» WORK INSTRUCTION: Please set down, word for word, the line that contains "One-Bedroom Unit - TV" and every line after it to the end of the entries below, omitting the pictures.

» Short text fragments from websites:
____________________
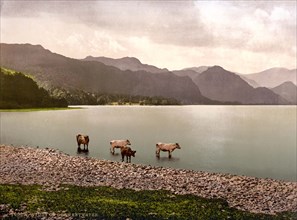 Cows at Derwentwater.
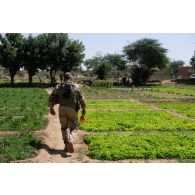 Le major Patrick encadre une action civilo-militaire (ACM) au Maraîchage de Gao, au Mali.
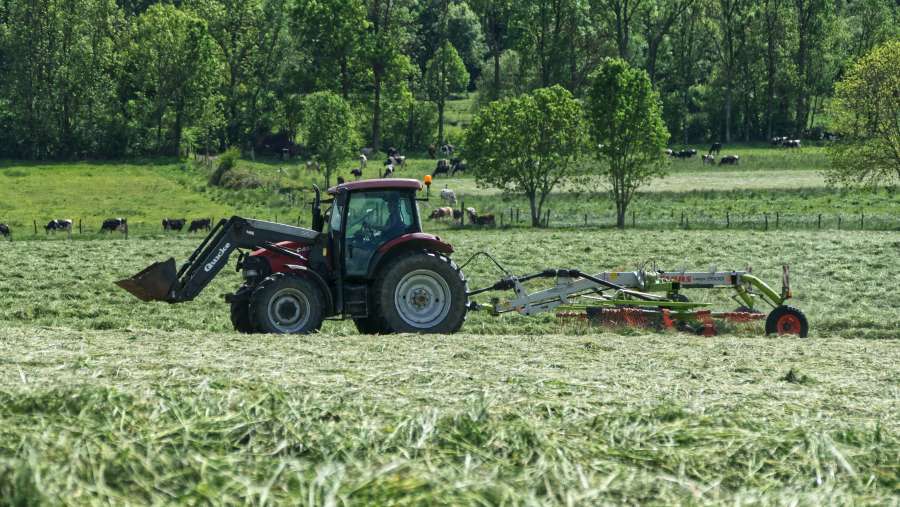 campo, tractor, cosecha, combinar, agricultura, máquina, maquinaria, cultivo, agricultura, trabajo, granja, grano, industria, trigo, rural, equipo, segador, cosecha, agrícola, verano, paisaje, campo, tierra, país, otoño, cereal, comida, Tierras de cultivo, dorado, cortar, Paja, semilla, agricultor, naturaleza, centeno, Produce, maduro, industrial, fondo, vehículo, pesado, tecnología, crecimiento, pan de molde, cielo, prado, transporte
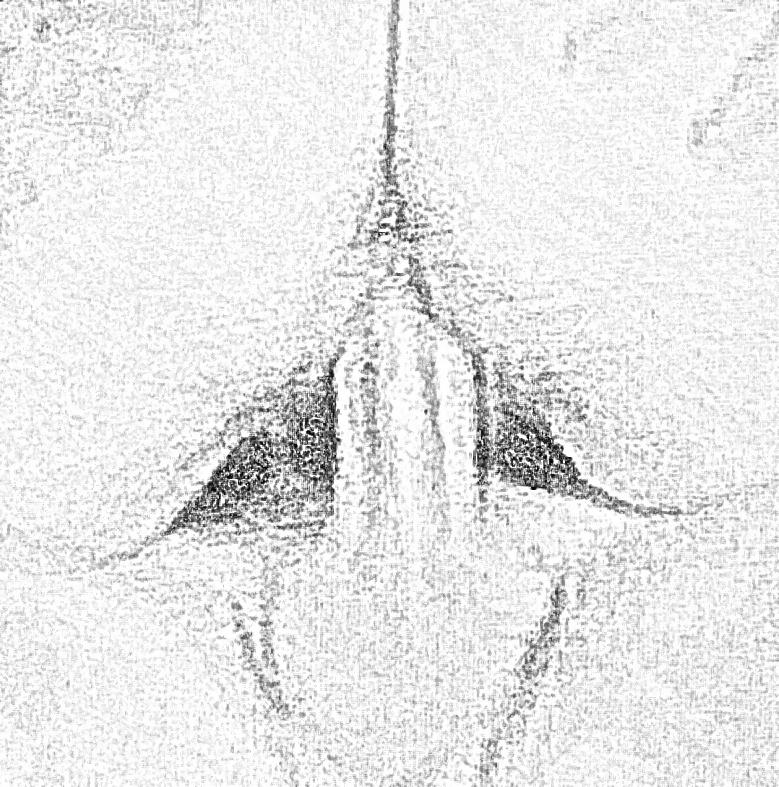 21P Sketch Art Pics of Italian MILF Mature Wife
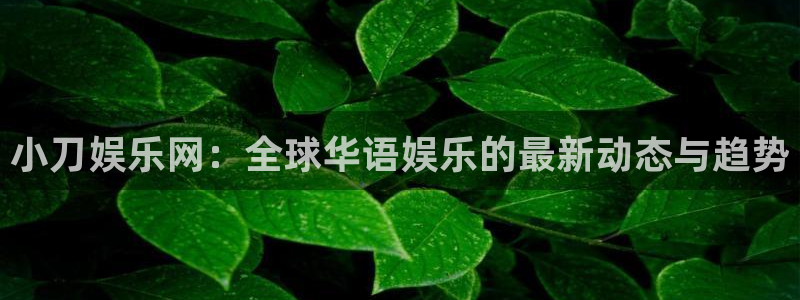 彩虹多多下载app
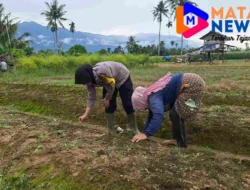 Bhabinkamtibmas Polwan Polsek Bambel Dukung Swasembada Pangan: Cek Lahan dan Bantu Warga Tanam Bibit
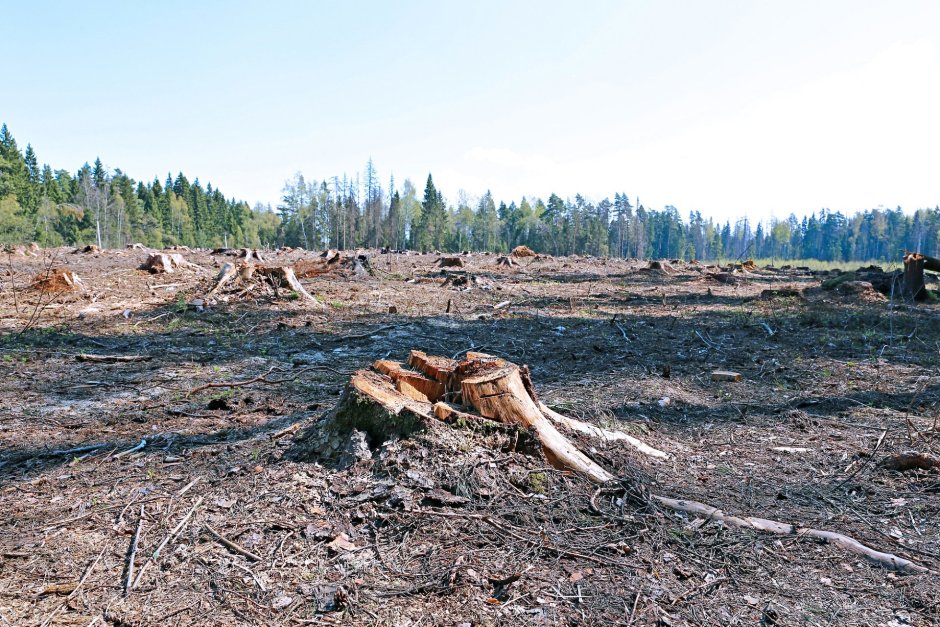 Пни после вырубки леса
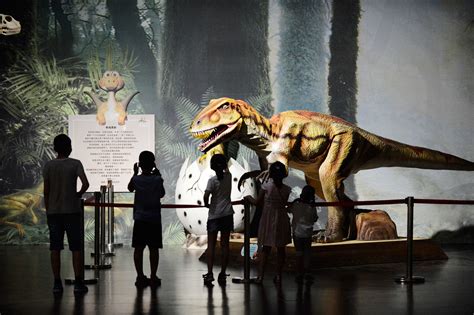 恐龙展加持暑期档，省博物馆周末人气骤增_南方plus_南方+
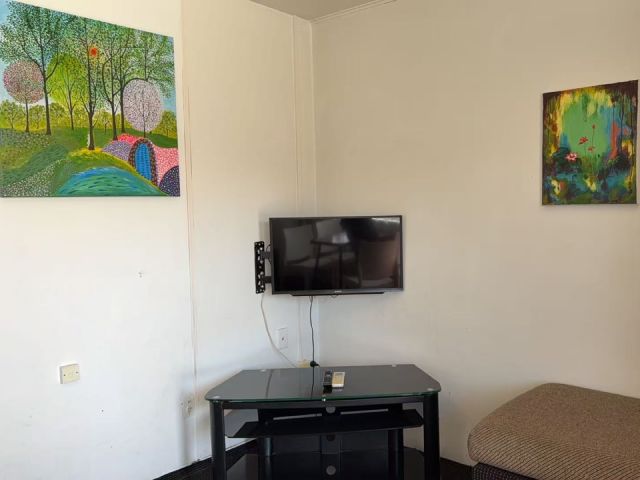 One-Bedroom Unit - TV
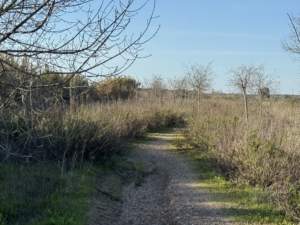 Este 2026 se cumplen diez años de la inauguración oficial del corredor verde del Riopudio Este 2026 se cumplen diez años de la inauguración oficial del corredor verde del Riopudio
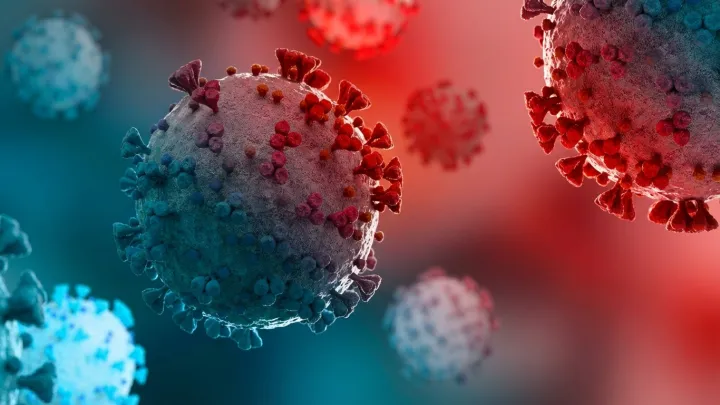 'Cicada' COVID variant: what to watch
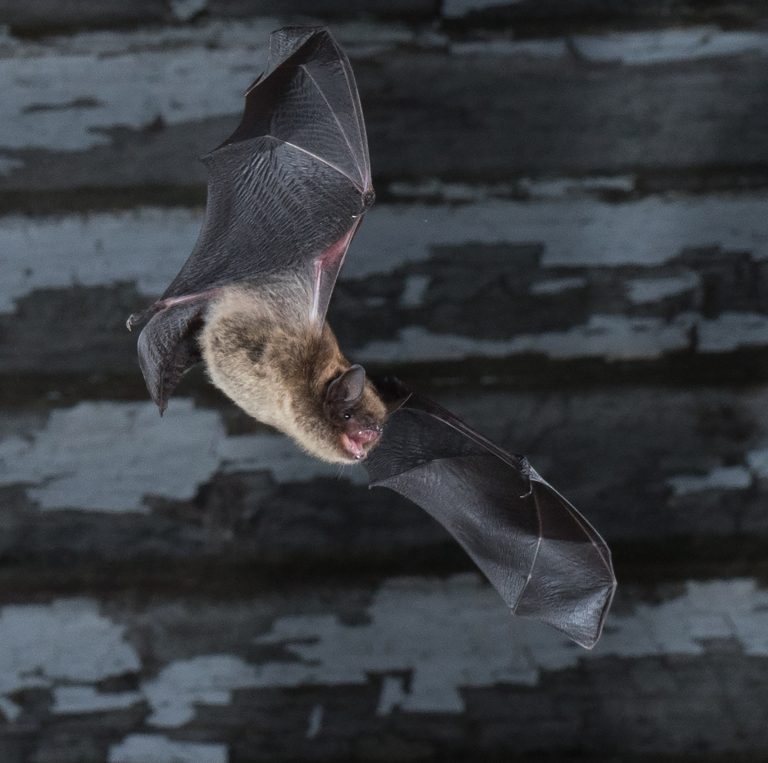 Une petite chauve-souris brune Myotis lucifugus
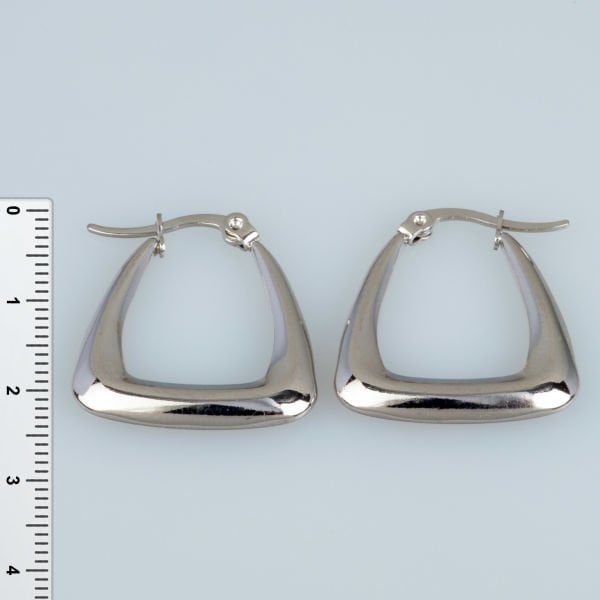 Steel Earring Pair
____________________
» ANSWER:
 One-Bedroom Unit - TV
 Este 2026 se cumplen diez años de la inauguración oficial del corredor verde del Riopudio Este 2026 se cumplen diez años de la inauguración oficial del corredor verde del Riopudio
 'Cicada' COVID variant: what to watch
 Une petite chauve-souris brune Myotis lucifugus
 Steel Earring Pair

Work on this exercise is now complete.